Environment: Hadoop 1.0.0 and Hadoop 2.0.0, HDFS, Map Reduce, Cloudera, SQOOP, Hive, Pig, HBase, Java, Flume 1.2.0, Eclipse IDE.CDH3.
Linux Admin
Confidential
Responsibilities:
- Supported Solaris/Linux servers in production/QA/Development Environment, including Solaris Zone and RHEL VM's.
- Installed ESXi 4.1 Hypervisor on HP Servers.
- Installing, configuring and maintaining apache, samba, Web Sphere& Web Logic Application Servers.
- Worked on VMware, VMware View, and vSphere 4.0.
- Installation of systems using Jumpstart for Sun Servers and Kickstart for RHEL on HP Hw.
- Configure, support and perform routine maintenance of hardware and software for Linux and Solaris servers.
- Launching Amazon EC2 Cloud Instances using Amazon Images (Linux/ Ubuntu) and Configuring launched instances with respect to specific applications.
- Supported 200+ AWS cloud instances running Ubuntu, Redhat and Windows environments.
- Involved in Hardware and software evaluation, recommendation and vendor management.
- Automation of various administrative tasks on multiple servers using Puppet.
- Deployed Puppet, Puppet Dashboard, and Puppet DB for configuration management to existing infrastructure.
- Proficient in installation, configuration and maintenance of applications like Apache, LDAP, PHP
- Involved installing and managing different automation and monitoring tools on Redhat Linux like Nagios, Splunk and Puppet.
- Resolved configuration issues and problems related to OS, NFS mounts, LDAP user ids DNS and issues.
- Regularly applying patches for Redhat Linux, Sun and HP systems.
Software Developer
Confidential
Responsibilities:
- Designed a system and developed a framework using J2EE technologies based on MVC architecture.
- Involved in the iterative/incremental development of project application. Participated in the requirement analysis and design meetings.
- Designed and Developed UI's using JSP by following MVC architecture
- Designed and developed Presentation Tier using Struts framework, JSP, Servlets, TagLibs, HTML and JavaScript.
- Designed the control which includes Class Diagrams and Sequence Diagrams using VISIO.
- Used the STRUTS framework in application. Programmed the views using JSP pages with the struts tag library, Model is a combination of EJB's and Java classes and web implementation controllers are Servlets.
- Generated XML pages with templates using XSL. Used JSP and Servlets, EJBs on server side.
- Developed a complete External build process and maintained using ANT.
- Implemented Home Interface, Remote Interface, and Bean Implementation class.
- Extensive usage of XML - Application configuration, Navigation, Task based configuration.
- Designed and developed Unit and integration test cases using Junit.
- Used EJB features effectively- Local interfaces to improve the performance, Abstract persistence schema, CMRs.

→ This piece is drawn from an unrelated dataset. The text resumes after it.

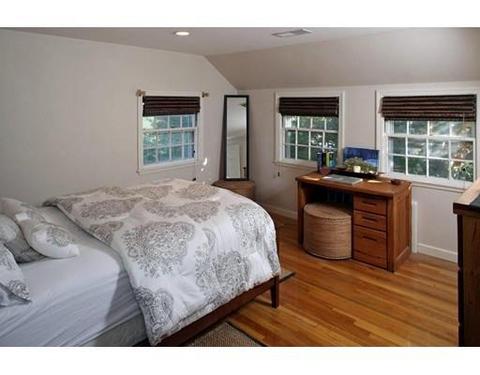 21 Cottage St, Hingham, MA 02043 photo 19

- Used Struts web application framework implementation to build the presentation tier.
- Wrote PL/SQL queries to access data from Oracle database.
- Set up Web Sphere Application server and used ANT tool to build the application and deploy the application in Web sphere.
- Implemented JMS for making asynchronous requests
Environment: Java, J2EE, Struts, Hibernate, JSP, Servlets, HTML, CSS, UML, JQuery, Log4J, XML Schema, JUNIT, Tomcat, JavaScript, Oracle 9i, UNIX, Eclipse IDE.